A Conversation Over Coffee
We all get tired.
You’d think exhaustion should only be a physically-based problem, and that our thoughts, being made of who-knows-what invisible substance of existence, should be exempt from running out of energy. … But it certainly happens. And it usually happens when we need them most, doesn’t it? This loss of thought-strength comes just as our loss of physical strength occurs– at the point of being taxed by situations outside of ourselves which demand repeated, and consistent use.
Yesterday morning I woke up to my alarm at five o’clock (I know this sounds ridiculously early for someone who works from home, but strangely, when the only face you have to answer to in the morning is your own reflection, you for some reason no longer mind waking up in the dark). After situating my feet in my slippers, I performed my same routine of folding the blankets on my couch, feeding my fish, putting wet food in the bowl for my cat, Beans, and unloading the dishwasher from the night before.
Everything was mechanically following the usual process, until I sat down to prepare for my day’s work.
As a pastor, my “day’s work,” blessedly is doing work for God, and working to help people feel closer to God in their own hours; but when I flipped open my bible (and accompanying “scholarly” resources handed down from my over-priced seminary tuition), I found myself hesitant to look at the print. I found my eyes skimming the words of scripture like a text book of boring material I resented being forced to stare into. At first, I didn’t even realize this was happening; but the moment the reality struck me, I burst up from my chair in the kitchen as if I’d just found a black widow spider by my foot.
At that moment, I wasn’t looking into The Book, but into the very heart of spiritual exhaustion. And I didn’t want to see it. I couldn’t see it. I had too much work to do.
Feeling like a complete schmuck, I paced over to the kitchen sink, and stared into nothing for a moment; when all of the sudden, my mouth moved and words pushed persistently out from my mind like typed paper from a printer. I was talking with God, with no barriers, and certainly no specific intention. I wasn’t trying to pray. This was not a moment of set-aside meditation. It was a moment of needful interaction—like one of those moments, when you’ve been holding something in for too long that you’ve needed to say to your spouse, and it suddenly just bursts out while you’re grabbing a box of cereal from the shelf at the grocery store.
As absurd as it might sound, I found myself talking to God for so long in fact, that I eventually wound up pouring myself a cup of coffee as I spoke, staring up and out the window. This conversation over coffee lasted a while, and I call it a “conversation,” because the expression, and understanding, and communication, was not a one-way rant, but a two-way time of connection between myself and the Life around me. In this conversation I told God I couldn’t lose It (God/You/”Him”)—-that I couldn’t let the fact that I had responded to God’s call, cause me to fall away from God, or become detached from God. I told God that I understood “Him” (“Him” being used here and after only for the sake of structural ease) to be the very Life inside of me, and that I could not live without that Life for the sake of trying to help others find that Life for themselves. It simply wouldn’t and couldn’t work that way.

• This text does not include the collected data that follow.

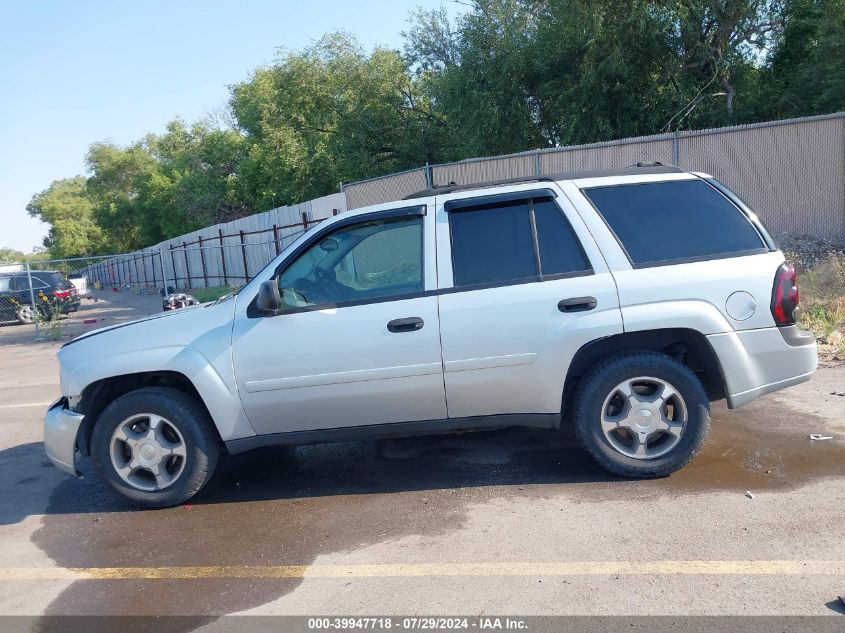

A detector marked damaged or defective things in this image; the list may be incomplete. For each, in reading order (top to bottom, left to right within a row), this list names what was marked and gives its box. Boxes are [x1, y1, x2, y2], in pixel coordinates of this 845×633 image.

damaged front bumper [44, 398, 84, 476] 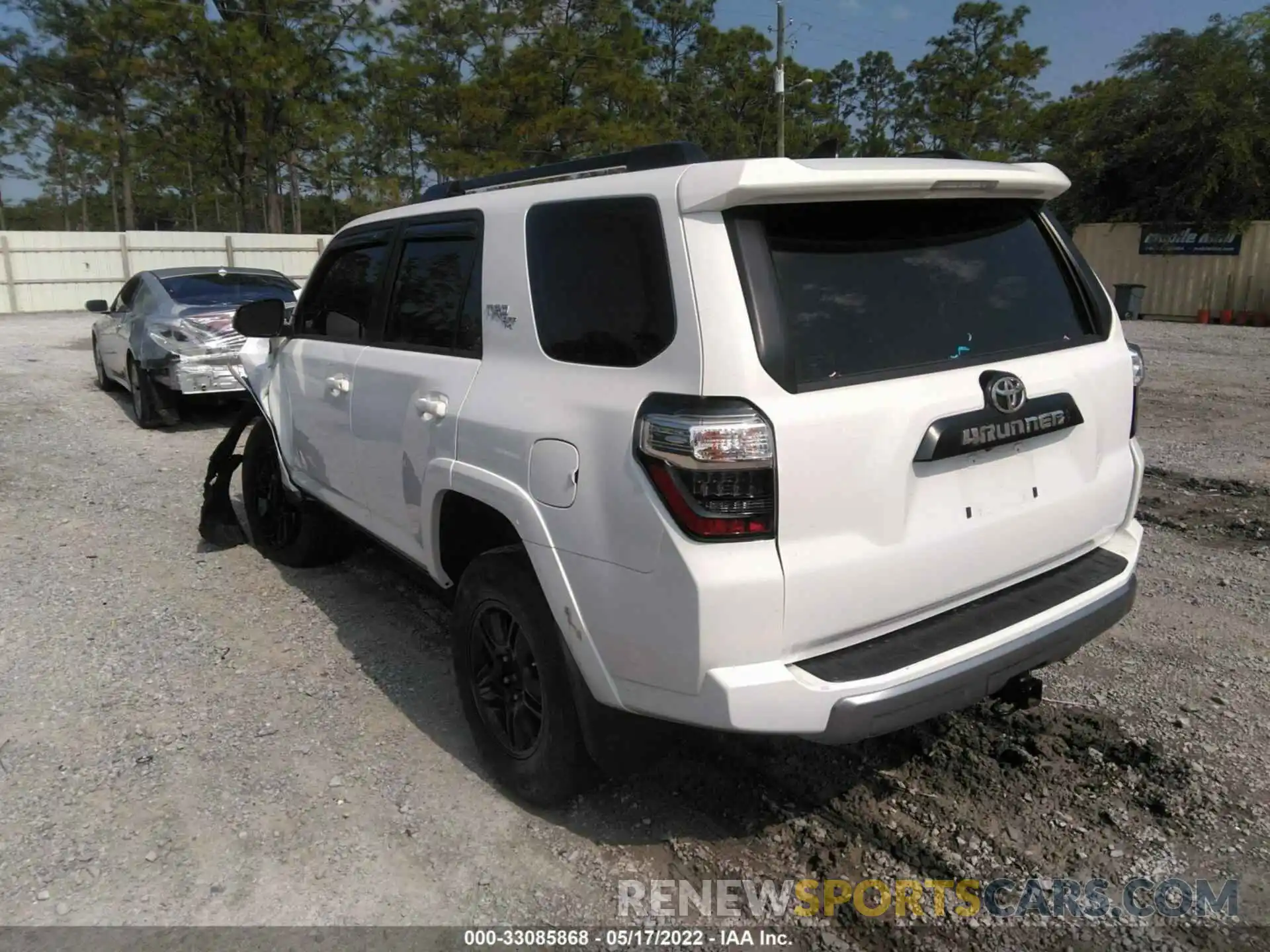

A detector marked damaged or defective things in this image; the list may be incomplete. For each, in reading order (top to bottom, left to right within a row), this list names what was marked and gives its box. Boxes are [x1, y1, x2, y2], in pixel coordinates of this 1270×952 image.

damaged white car [89, 267, 300, 431] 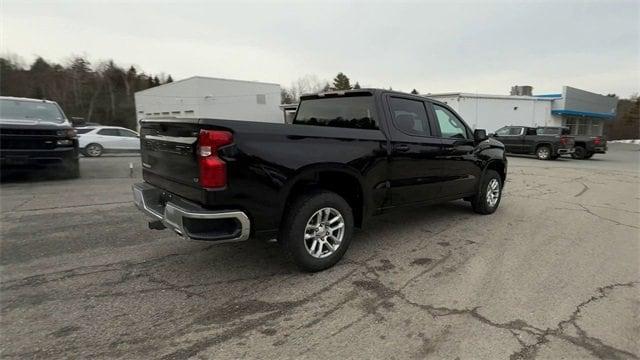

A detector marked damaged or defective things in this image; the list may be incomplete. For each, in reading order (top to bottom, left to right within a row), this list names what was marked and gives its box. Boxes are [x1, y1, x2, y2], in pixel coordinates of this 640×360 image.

cracked pavement [1, 145, 640, 358] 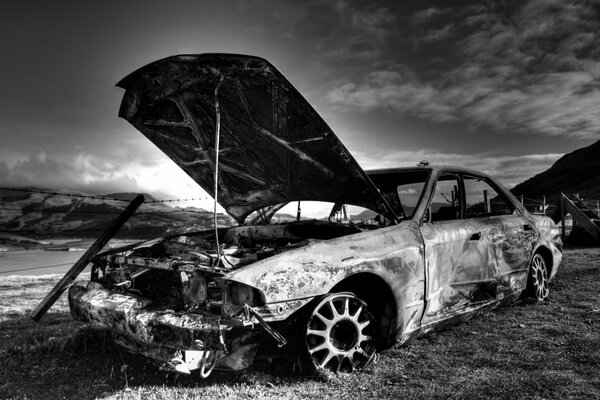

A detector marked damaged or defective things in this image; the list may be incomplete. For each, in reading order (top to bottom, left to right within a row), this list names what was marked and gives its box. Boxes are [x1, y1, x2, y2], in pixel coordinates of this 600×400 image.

damaged bumper [67, 282, 262, 374]
burned car [43, 54, 564, 376] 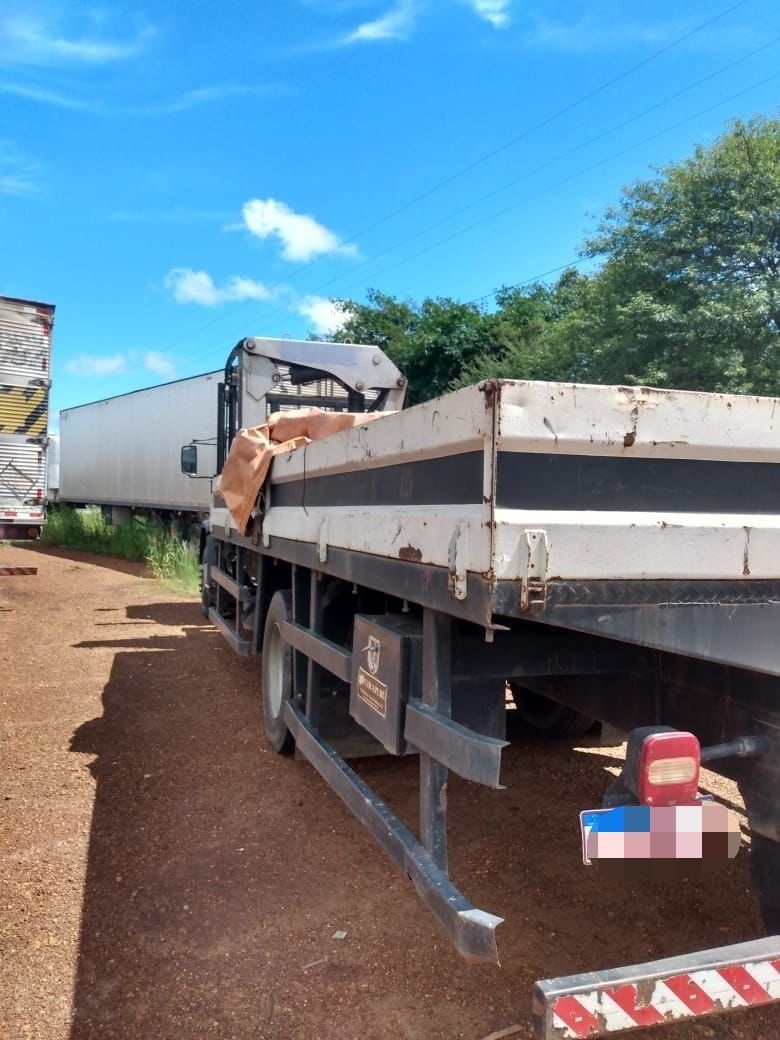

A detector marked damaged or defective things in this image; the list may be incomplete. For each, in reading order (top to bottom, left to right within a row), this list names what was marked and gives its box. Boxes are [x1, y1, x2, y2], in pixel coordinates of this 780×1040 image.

rust stain on metal [399, 544, 424, 561] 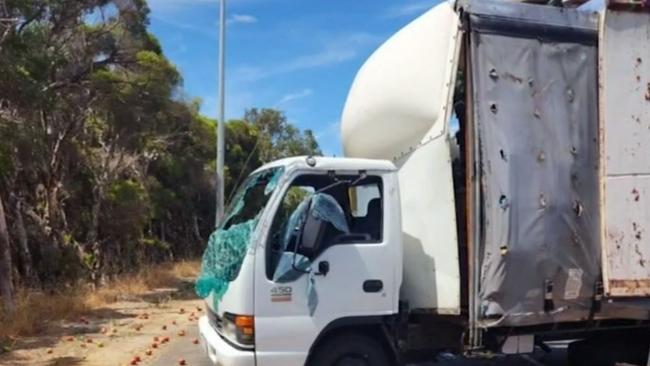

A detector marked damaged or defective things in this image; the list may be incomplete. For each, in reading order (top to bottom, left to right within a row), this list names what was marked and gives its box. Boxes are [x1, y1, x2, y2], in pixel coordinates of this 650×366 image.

shattered windscreen [194, 167, 282, 304]
damaged white truck [195, 0, 648, 366]
damaged door [600, 10, 650, 298]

In saying these things, my words then fell to fear and skepticism. I asked God what the point of being in ministry was, anyway–and why He’d called me to such a strange and seemingly futile task. I asked God, how many people really felt Him in the world; and how many people even could feel Him in the world; and if most ever did at all, no matter how often you spoke about “Him” with each other in a sanctuary or on couches at each other’s homes.
Between all of these comments and questions, I sat still, and let myself connect with the loud silence of the presence of God.
As I stood there, staring out while absurdly sipping from my coffee mug like God was sitting across a table, God shared God’s Peace with me, and responded to the words which pushed out from my mind.
It was a long conversation, but there was one bold and blunt truth God’s Silence told me so loudly, that the words were strangely and clearly defined in my mind, as if my ears had actually heard them through sound.
When I asked if people experienced God, God told me this:
‘Some never do. Sometimes it’s only our own experience of God which allows them to even come close to feeling the presence of God while they’re alive.’ God said, ‘And that’s why you are a minister.